Speaking to AgriLand, Commissioner Hogan explained that the process for rolling out these funds would be finalised in the next two to three weeks, saying that he expected funds to reach farmers “in a couple of months’ time”.
“I’m very anxious that this money goes directly to the farmers, and Minister Michael Creed has made this perfectly clear to me as well, that this is his first priority and his focus,” said the commissioner.
“This proposal, that I made last week in relation to the beef farmers of €50 million, has to go through the various internal procedures in the commission, and that will start this week, and will be completed in the next two to three weeks,” the commissioner outlined.
He went on to explain that, after that point, Michael Creed, the Minister for Agriculture, Food and the Marine, and his department, will take on joint responsibility for the roll-out of funds.

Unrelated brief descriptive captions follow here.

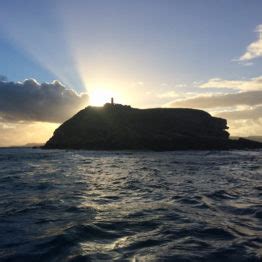 Puffin Island Boat Trips, Anglesey - Puffin Island Boat Trips (en-GB)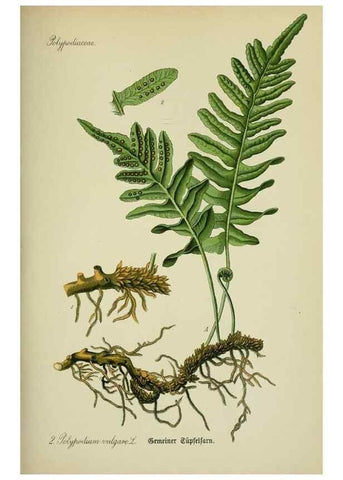 Reproducción/Reproduction 7845231576: Flora von Deutschland, Österreich und der Schweiz.. Gera,Zezschwitz,1903-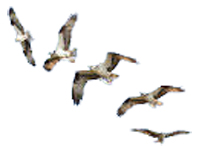 a higgledy piggledy row of flying birds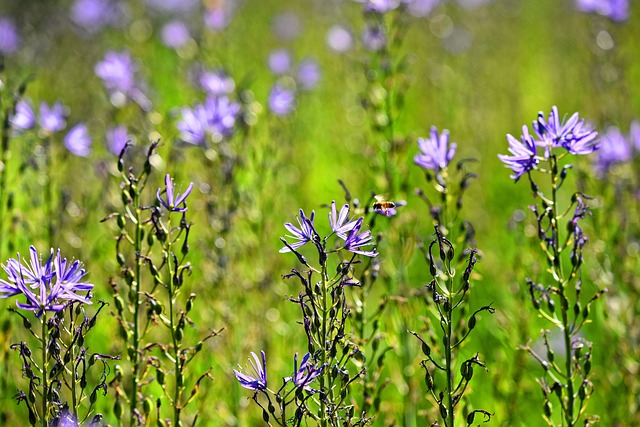 Camassia Leichtlinii 草原莉莉 伟大的卡马斯 - 上的免费照片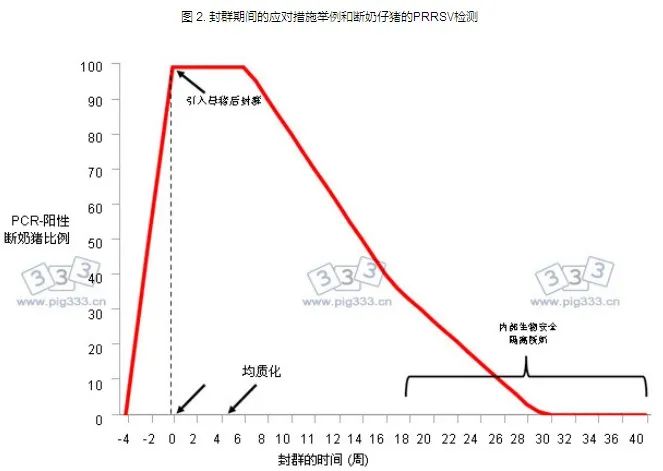 在封群期间对断奶仔猪进行蓝耳病病毒检测的程序示例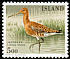 Black-tailed Godwit Limosa limosa  1988 Birds 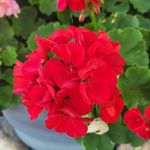 Norman Sutton - @norman.sutton.5 - Instagram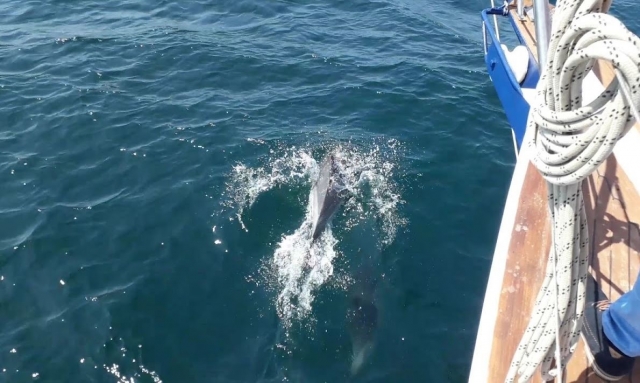  Sailing alongside dolphins 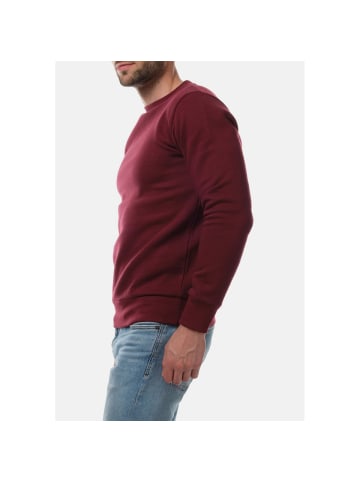 HopenLife Sweatshirt AVALANCHE in Bordeaux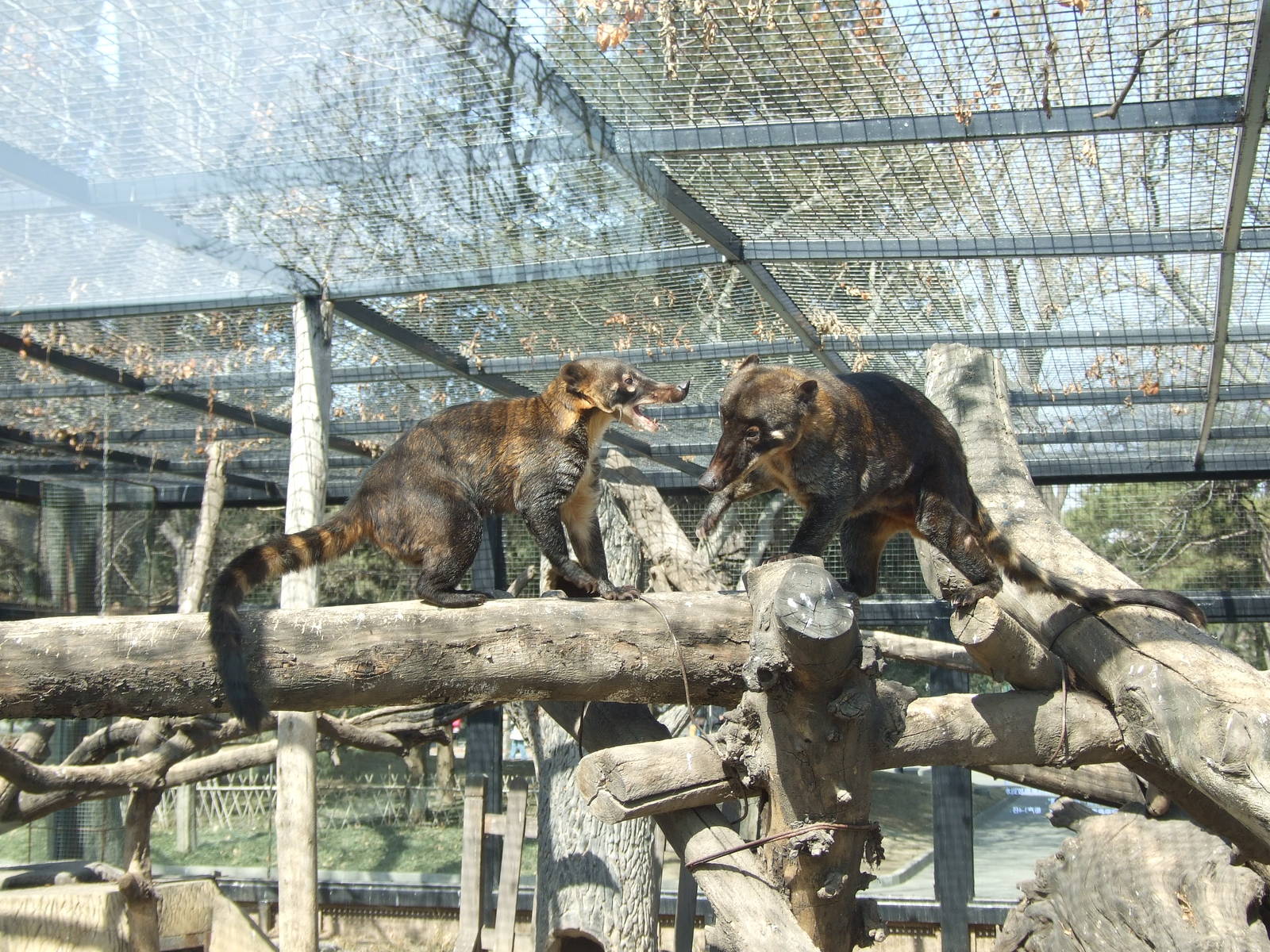 Mountain Coati (Nasua nasua montana)
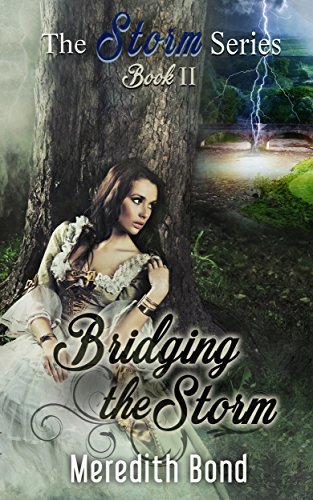 Bridging the Storm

Then it’s a matter for the engagement of the Minister for Agriculture Michael Creed and his officials, with the commission, to decide how it’s going be tailored towards the particular farmers.
“So we will roll out this money with a view to having it paid in a couple of months’ time,” concluded Commissioner Hogan.
Meanwhile, the commissioner was in Kilkenny to launch the Precision Agriculture Centre of Excellence (PACE), being established in Kilkenny city through Waterford Institute of Technology and with assistance from Kilkenny County Council.
Speaking during the launch, Commissioner Hogan said that the new agri-technology hub “gives Ireland’s agri-tech companies, most of them SMEs and micro-enterprises, direct access to best-in-class technologies and research, as well as cascade funding”.